Carole Hoareau, alias La Petite Créole, a su transformer son parcours de journaliste en un modèle d’influence indépendant. Avec plus de 130 000 abonnés toutes plateformes confondues, celle qui s’affirme dans une trajectoire atypique, ne se voit pas seulement comme une influenceuse ou une journaliste, mais plutôt comme un véritable “petit média”.
Un parcours journalistique au service de l’influence. Depuis ses débuts dans le journalisme en 2006 lors d’une année de stage à Bangkok et jusqu’à aujourd’hui, Carole Hoareau a toujours cultivé sa passion pour l’information et le storytelling. Appuyée sur un parcours solide (khâgne, hypokhâgne, Sciences Po, école de journalisme de Marseille), elle a multiplié les productions de web-contenus, au sein du quotidien La Provence principalement. Grâce à la publication, sur Instagram, de photos prises à l’occasion d’une mission conduite en Jordanie autour d’un projet de développement durable, elle découvre le pouvoir de l’image en ligne.
En 2015, son retour à La Réunion va constituer un tournant. Désireuse de partager la redécouverte d’une île longtemps désirée, Carole Hoareau commence à poster des clichés de ses découvertes quotidiennes, sans se douter que son regard personnel sur le territoire va toucher un large public. En 2016, La Petite Créole prend forme. Alors que la journaliste officie au sein de la rédaction d’un web média local, des marques réunionnaises lui offrent ses premières collaborations. Durant plusieurs mois, Carole Hoareau va incarner l’expérience client de sociétés telles que Meunier de Bourbon ou encore French bee qui vient de procéder à l’ouverture de sa ligne Réunion-Paris.

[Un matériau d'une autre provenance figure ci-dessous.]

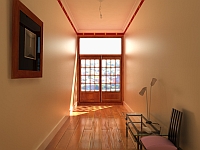 Tom_Phillpis_Hallway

La journaliste comprend alors que, plus qu’une simple plateforme personnelle, ses réseaux sont en capacité de constituer un véritable média.
Se réinventer pour durer. La journaliste va réussir à faire de sa passion un métier en gérant de main de maître sa ligne éditoriale et ses sources de revenus. “Définir une ligne éditoriale solide et cohérente est essentiel. Ce dont je parle, ce sont des choses dont j’ai été moi-même cliente. S’éparpiller serait en effet dangereux, tant pour ma crédibilité que pour ma relation avec ma communauté” analyse-t-elle. Un solide positionnement tourisme/culture va lui permettre de développer une communauté engagée, tout en l’assurant de préserver une indépendance “cruciale” juge celle qui compare sa démarche à celle d’un journaliste traditionnel, avec une pression supplémentaire : la recherche de sources de revenus.

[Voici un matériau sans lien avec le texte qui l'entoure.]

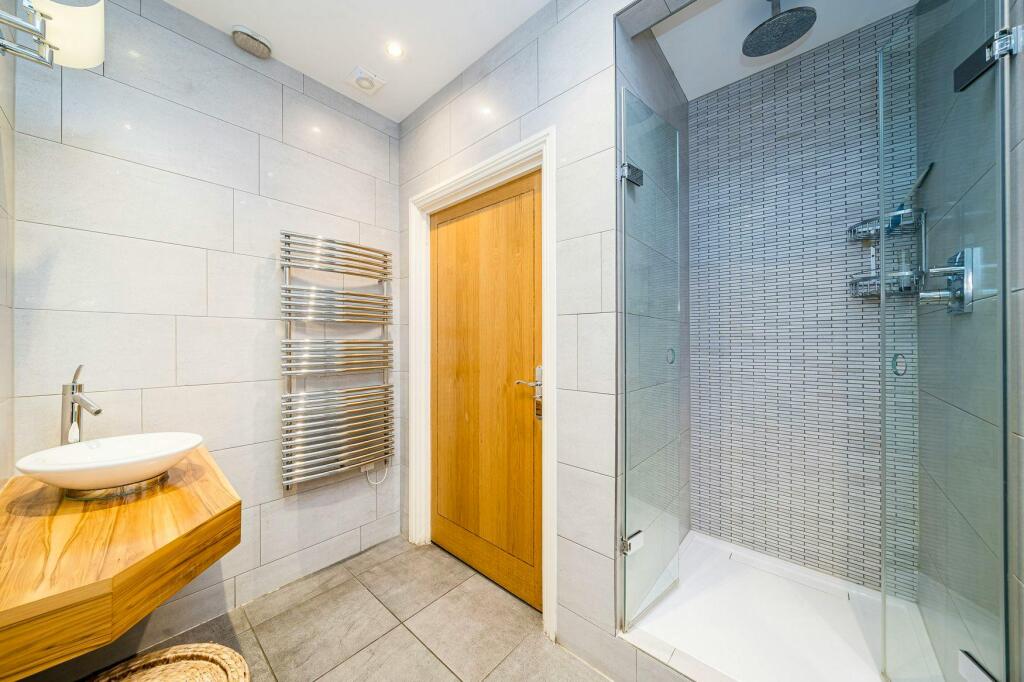 Shower - 1K JPEG.jpg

Lucide sur la nature éphémère de certaines carrières bâties sur les réseaux, Carole multiplie les initiatives destinées à assurer la pérennité de son activité. En plus de son rôle d’influenceuse, elle délivre des formations au sein d’organismes de formations et d’établissements, publics et privés, notamment l’Université où elle intervient au bénéfice de la filière Médiacom. Elle a également développé une offre de conseil en “personal branding” pour les entreprises et les professionnels désireux de maîtriser et d’upgrader leur communication digitale. Pour finir, elle développe des contenus en marque blanche pour divers clients, tout en restant active sur des projets de fond centrés sur la culture et les bonnes adresses de l’île. En parallèle des activités de La Petite Créole, Carole travaille désormais à construire des projets moins centrés sur sa propre image.

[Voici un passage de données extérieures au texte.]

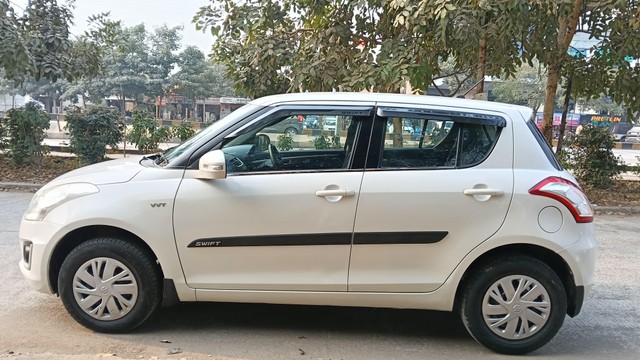 Second-hand 2016 Maruti Swift VXI for sale in Dewas-3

Consciente des risques d’une carrière trop liée à une personnalité, elle souhaite élargir son influence à des initiatives pérennes et plus généralistes. L’une de ses ambitions est de créer une plateforme dédiée aux guides culturels et touristiques, avec un accent porté sur l’authenticité et l’accessibilité au plus grand nombre. “J’ai souvent entendu dire qu’une carrière sur Internet dure environ dix ans. De fait, j’ai toujours cette crainte que tout s’arrête, et je n’ai pas du tout envie que ça arrive ! Aujourd’hui, je souhaite évoluer vers quelque chose de moins incarné. J’ai d’ailleurs mille idées !” conclut-elle.